Activity — What you write must match the records exactly, except for the images, which are left out.

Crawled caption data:
>>>>>

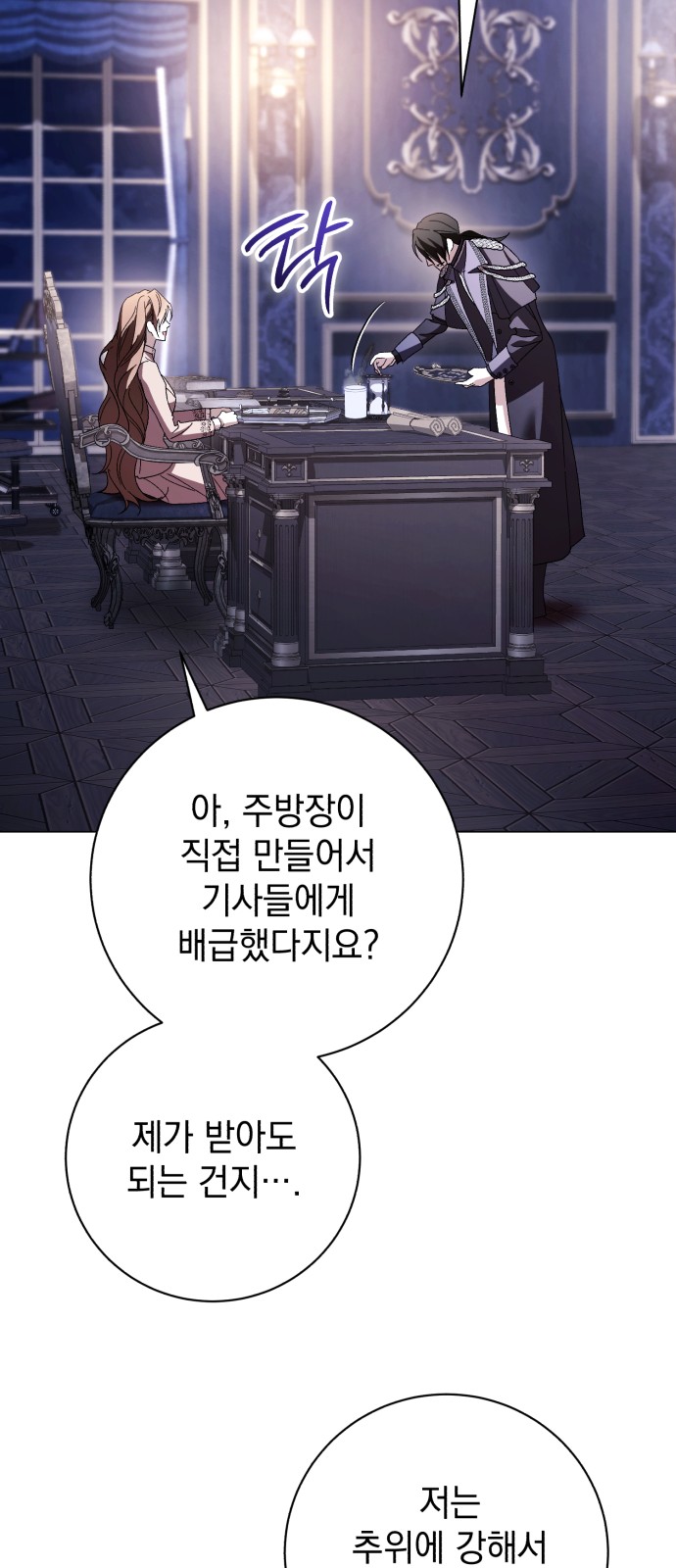 59 페이지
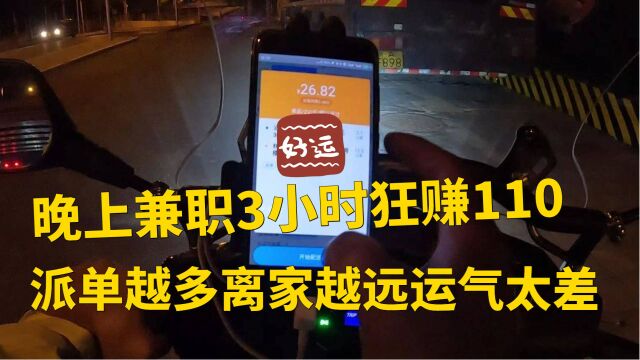 无限取送也不给派单,单子来了离家越远,好在收入满意要知足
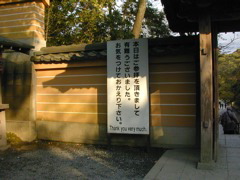 DSCN0834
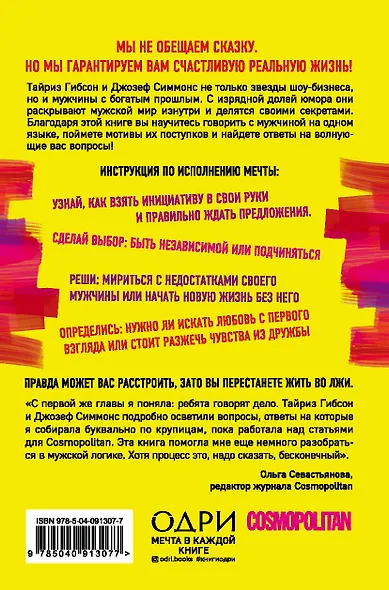 Мужчины как они есть - фото 2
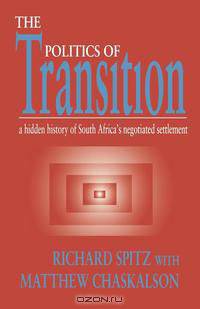 Politics of Transition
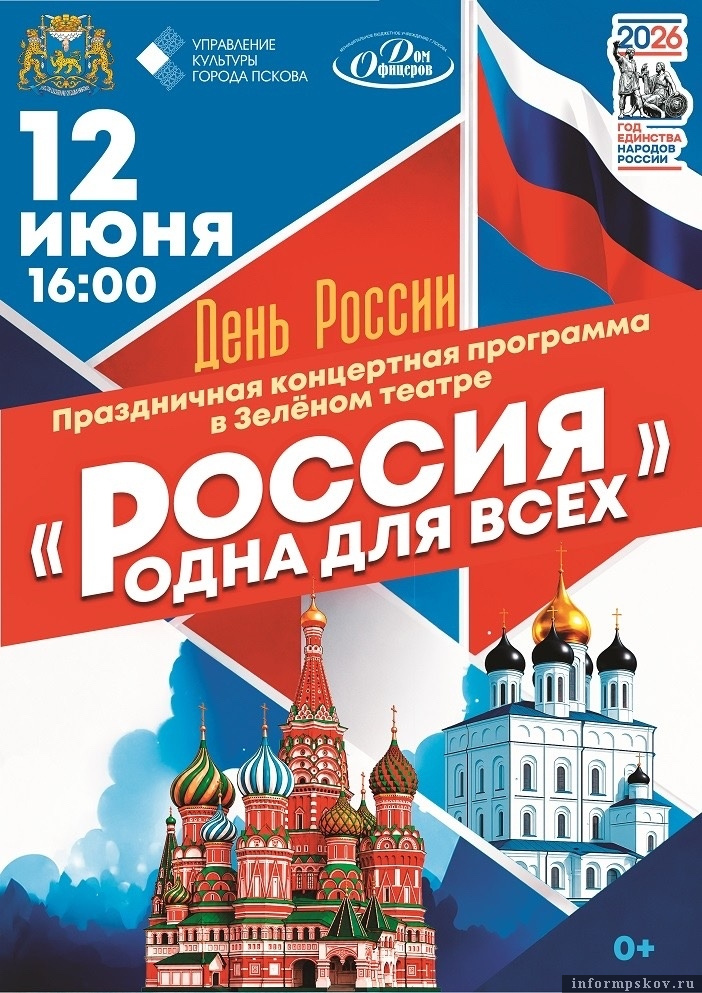 Афиша предоставлена организаторами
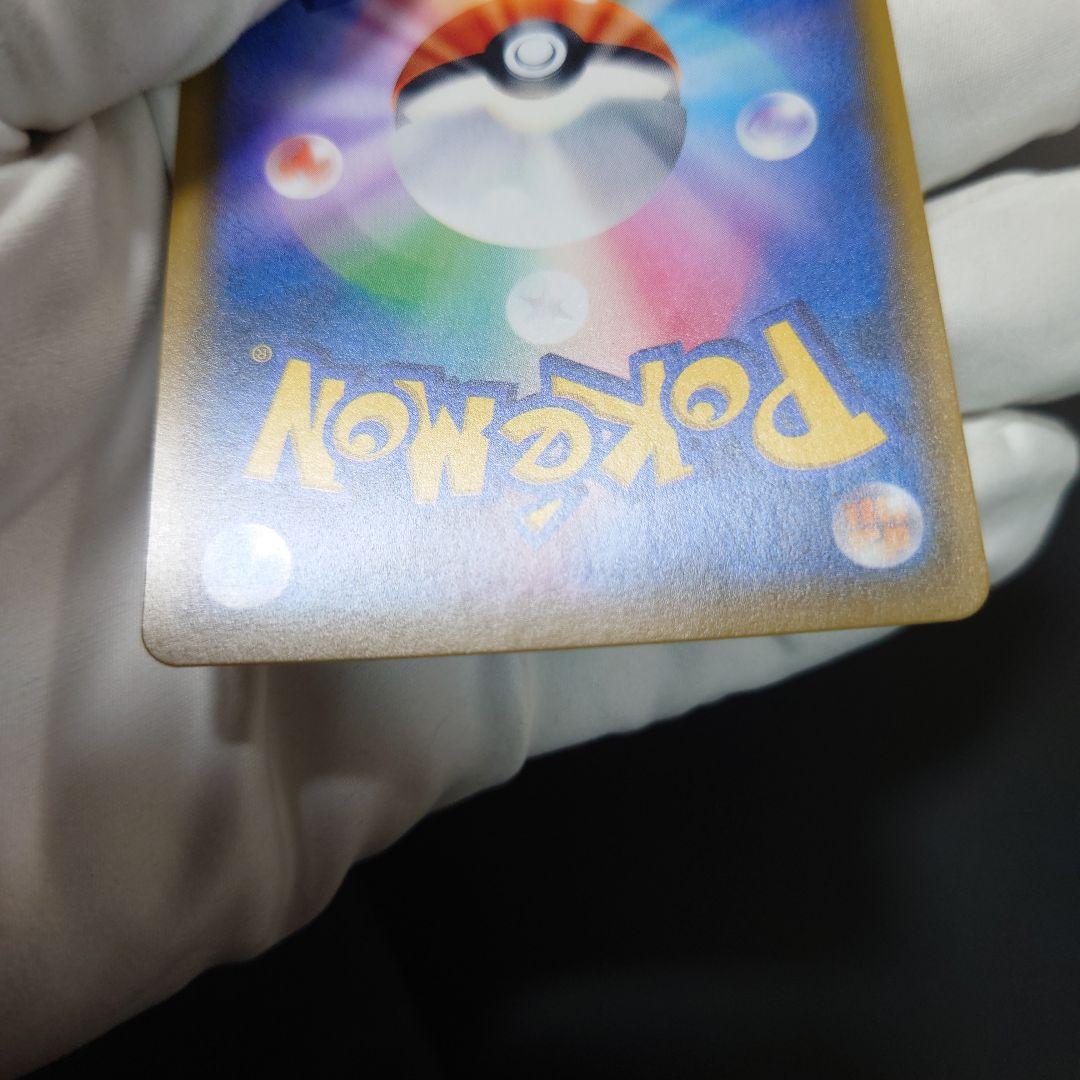 α イーブイ&カビゴンgx プロモ 未使用 美品 A 297/SM-P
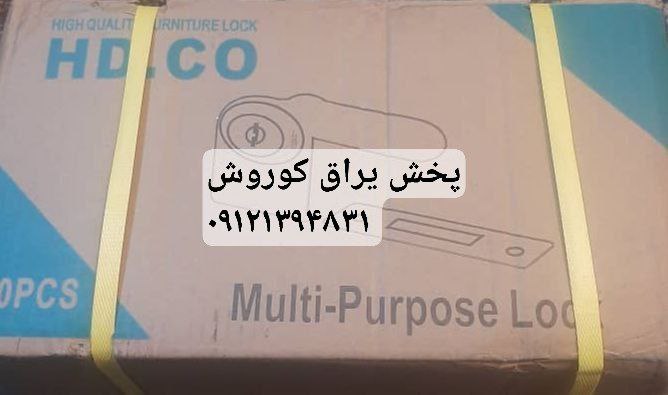 پخش ابزار و یراق کوروش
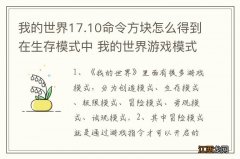 我的世界17.10命令方块怎么得到在生存模式中 我的世界游戏模式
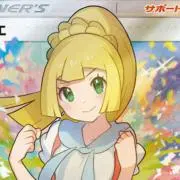 ぱーちの画像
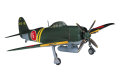 Zdjęcie główne produktu Kawanishi N1K2-J Shidenkai 1:72 Hasegawa A6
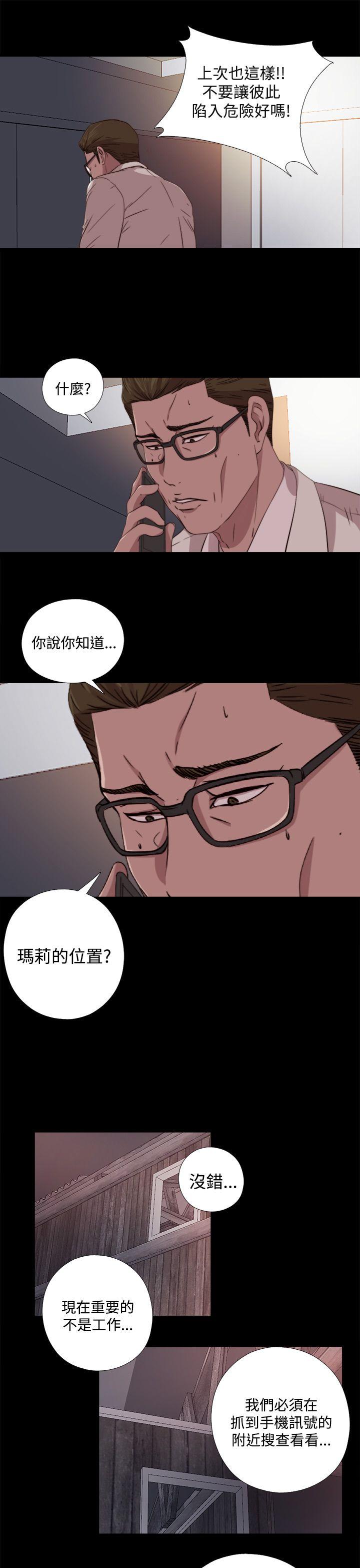 第8话 第 5 页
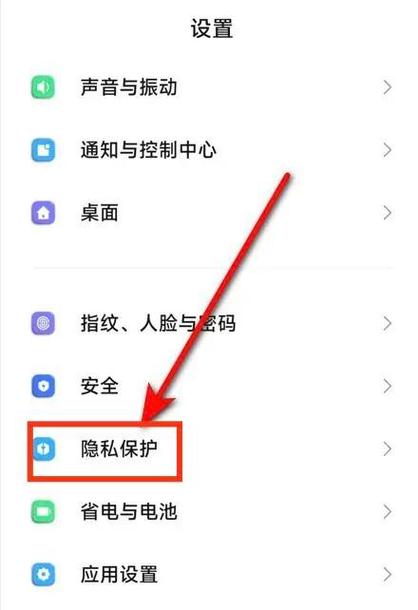 vivo手机gps定位在哪里开启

<<<<<

Finished task —
 59 페이지
 无限取送也不给派单,单子来了离家越远,好在收入满意要知足
 DSCN0834
 Мужчины как они есть - фото 2
 Politics of Transition
 Афиша предоставлена организаторами
 α イーブイ&カビゴンgx プロモ 未使用 美品 A 297/SM-P
 پخش ابزار و یراق کوروش
 我的世界17.10命令方块怎么得到在生存模式中 我的世界游戏模式
 ぱーちの画像
 Zdjęcie główne produktu Kawanishi N1K2-J Shidenkai 1:72 Hasegawa A6
 第8话 第 5 页
 vivo手机gps定位在哪里开启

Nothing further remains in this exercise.